-- THE INPUT follows --

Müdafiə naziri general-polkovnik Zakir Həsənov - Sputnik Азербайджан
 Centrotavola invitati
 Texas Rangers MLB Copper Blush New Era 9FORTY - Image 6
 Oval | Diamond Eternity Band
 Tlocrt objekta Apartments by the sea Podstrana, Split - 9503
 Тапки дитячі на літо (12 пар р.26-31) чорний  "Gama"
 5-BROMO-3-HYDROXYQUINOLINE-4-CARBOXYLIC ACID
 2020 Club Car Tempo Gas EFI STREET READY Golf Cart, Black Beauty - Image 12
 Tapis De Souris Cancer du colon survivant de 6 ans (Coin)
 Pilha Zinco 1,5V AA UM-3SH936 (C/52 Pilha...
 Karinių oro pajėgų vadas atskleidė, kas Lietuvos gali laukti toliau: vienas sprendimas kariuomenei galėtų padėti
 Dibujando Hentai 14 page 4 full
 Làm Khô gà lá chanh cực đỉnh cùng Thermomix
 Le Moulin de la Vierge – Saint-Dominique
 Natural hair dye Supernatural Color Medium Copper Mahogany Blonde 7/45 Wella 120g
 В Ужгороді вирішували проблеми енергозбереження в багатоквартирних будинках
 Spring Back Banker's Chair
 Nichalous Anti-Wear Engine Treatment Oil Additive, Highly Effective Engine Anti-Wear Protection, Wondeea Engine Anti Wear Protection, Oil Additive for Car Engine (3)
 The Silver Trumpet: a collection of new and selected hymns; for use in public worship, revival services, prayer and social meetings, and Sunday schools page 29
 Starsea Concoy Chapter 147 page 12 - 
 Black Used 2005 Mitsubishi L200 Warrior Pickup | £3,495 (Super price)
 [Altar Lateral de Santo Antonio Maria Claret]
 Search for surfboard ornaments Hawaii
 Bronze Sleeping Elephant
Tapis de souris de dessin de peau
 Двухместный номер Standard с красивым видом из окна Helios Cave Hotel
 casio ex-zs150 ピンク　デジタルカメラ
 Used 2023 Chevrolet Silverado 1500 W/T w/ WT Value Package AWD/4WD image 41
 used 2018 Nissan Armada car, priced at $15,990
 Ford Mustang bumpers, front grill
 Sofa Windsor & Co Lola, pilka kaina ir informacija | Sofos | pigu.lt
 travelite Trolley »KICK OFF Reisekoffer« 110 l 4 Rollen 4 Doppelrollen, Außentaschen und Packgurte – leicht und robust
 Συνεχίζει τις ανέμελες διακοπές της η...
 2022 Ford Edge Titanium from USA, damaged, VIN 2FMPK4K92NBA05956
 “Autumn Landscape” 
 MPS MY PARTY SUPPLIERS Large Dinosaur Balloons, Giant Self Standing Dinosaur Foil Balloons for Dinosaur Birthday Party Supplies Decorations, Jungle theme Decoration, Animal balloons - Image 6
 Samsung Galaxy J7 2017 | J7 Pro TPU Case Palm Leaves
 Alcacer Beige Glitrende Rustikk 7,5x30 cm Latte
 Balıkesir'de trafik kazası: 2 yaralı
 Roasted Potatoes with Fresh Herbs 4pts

-- THE INPUT concluded --

* [WHAT YOU ARE ASKED TO DO]
Find and copy each line of the data where "Tapis" is present.

* [WRITTEN RESPONSE]
 Tapis De Souris Cancer du colon survivant de 6 ans (Coin)
Tapis de souris de dessin de peau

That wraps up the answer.